Wenn es keinen Gott gibt, scheint jede Grundlage zu fehlen, die vom Homo sapiens entwickelte Herdenmoral als objektiv wahr zu betrachten. Nimmt man Gott aus dem Bild heraus, scheint nichts zu bleiben als ein affenähnliches Geschöpf mit der Illusion moralischer Größe, der sich auf einem Planeten befindet, der im Vergleich zum Universum nur die Größe eines winzigen Staubteilchens hat.

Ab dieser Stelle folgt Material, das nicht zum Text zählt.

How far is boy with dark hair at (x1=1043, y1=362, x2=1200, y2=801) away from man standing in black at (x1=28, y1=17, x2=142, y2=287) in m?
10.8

Richard Dawkins' Beurteilung des menschlichen Werts mag deprimierend sein, doch warum irrt er aus atheistischer Sicht, wenn er sagt: „Es gibt letztlich keinen Entwurf, keine Absicht, kein Böses, kein Gutes, nichts außer zweckfreier Indifferenz. ... Wir sind Maschinen zur Verbreitung von DNA. ... Das ist der einzige Seinsgrund jedes lebenden Objekts.“ [8]  

Welche Lösung schlägt Sam Harris nun für das „Wertproblem“ vor? Der Trick, den er vorschlägt, besteht einfach darin, neu zu definieren, was er in nicht-moralischem Sinn mit „gut“ und „böse“ meint. [9] Er sagt, wir sollten „‚gut’ als das definieren, was [dem] Gedeihen bewusster Geschöpfe dient.“ [10] Er stellt fest: „Gut und Böse brauchen nur darin zu bestehen: Elend versus Wohlergehen.“ [11] Oder an anderer Stelle: „Wenn ich von ‚moralischer Wahrheit‘ spreche, sage ich damit, dass es Fakten geben muss, die sich auf menschliches und tierisches Wohlergehen beziehen.“ [12]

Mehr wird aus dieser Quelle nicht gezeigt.